Still, the boy had matured to a strong young man whose brain was full of thoughts arrived through his enormous supply of books, and somehow or other, he believed fervently that he would discover the means to escape. Only then would he know for certain how the world viewed his creatureness.
The sooner came earlier than he’d expected, and later than he’d hoped, when one fine and warm morning, a bell tolled in the courtyard. It rang once then, following a count of ten, would ring once more. Alexander watched as flags were erected – three black cloths on three tall flagposts. Black. He knew well enough that it signified a death of importance within the house. As the day went by, Alexander heard enough to know for certain that a wasting disease had taken the old man, and his successor had been fully primed of all his duties within the manor.
That was all very well, but would Alexander’s life continue as it had? Would he be remembered? Would his meals arrive as they had? And what had become of his mother?
All was quiet in the rooms of Alexander for one day, two days, three days. And, towards the end of the third, the young man, requiring much sustenance for his growing, had made the decision that his only way to live was to break out of his confines that very moment.
Though no knives were provided on his food trays – he ate only food he could hold, and chopped food using a spoon – on one occasion he’d mistakenly been provided with a tiny, rounded end palette knife. He’d stashed it, of course, and now was the time to use it.
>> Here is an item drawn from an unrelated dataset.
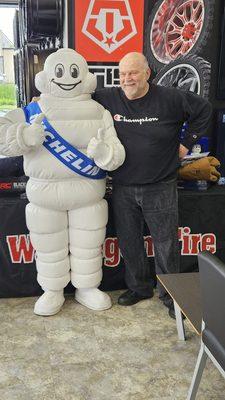 Lenny from WLIP Radio with Michelin Man at Kenosha Grand Opening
Hunger dictated the urgency.
He knew that there were wooden barriers over his window, and that they had been attached by means of what he believed were screws. The tops of the screws were some straight and some crossed, and he set to work to turn these. His learning was all through books, so it took a few efforts to make even the smallest amount of loosening, but once the first screw fell to the floor of his room, he was energised enough to continue.
Unscrewing took the whole rest of the day, until the light ended and he was forced to sleep.
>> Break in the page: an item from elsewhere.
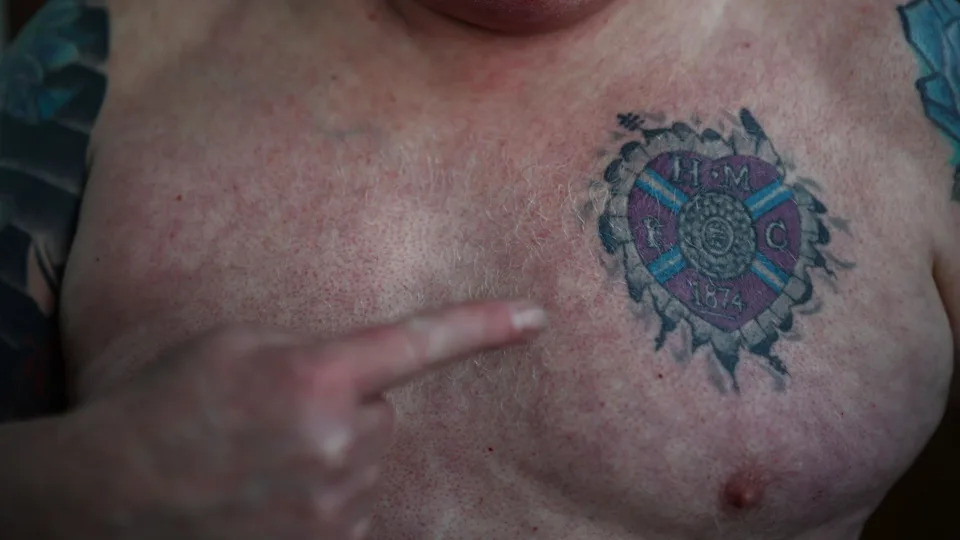 A Hearts fan points to a tattoo of the club's claret crest on his chest.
He woke early and immediately walked to the window. How marvelous the view was. How vibrant and colourful. How cheery were the people.
And next to his bed was a bunch of flowers in a small jar.
And a sheet of paper. It read ‘My Darling Son, I too have been locked up all these years, though free on the outside, the old man kept me in such torment of my own grief at having lost you. Yesterday I discovered from the person who brings you meals, that you were still alive. He led me here as you slept. I saw the wooden bars you’d removed from the windows. I will be preparing our belongings for leaving this place. So, when you wake, come to me’.
The young man lay back on his bed. Relief. Escape! It was all going to happen. He was to return to his mother, and perhaps even to the rest of his family. And he would get healed.
He smelled the flowers next to him and noticed a small round item – silver and shiny and looking so fragile and delicate that he didn’t like to touch. But, as he brought it up to his face, Alexander remembered. The item was a mirror. He hadn’t seen himself for so long and his heart beat with speed and excitement as he held it in front of his face. He was no longer the boy he had been before the imprisonment. He was no longer the creature that he’d seen in the bracken. He was a young and handsome man, with long dark hair, skin as white as snow and lips as red as blood.
He was the image of the mother he remembered, and he could no longer stop his feet from carrying him to her.
‘Mother,’ he shouted as he opened the always-locked door, and left the hated and loved prison and shelter for the final time.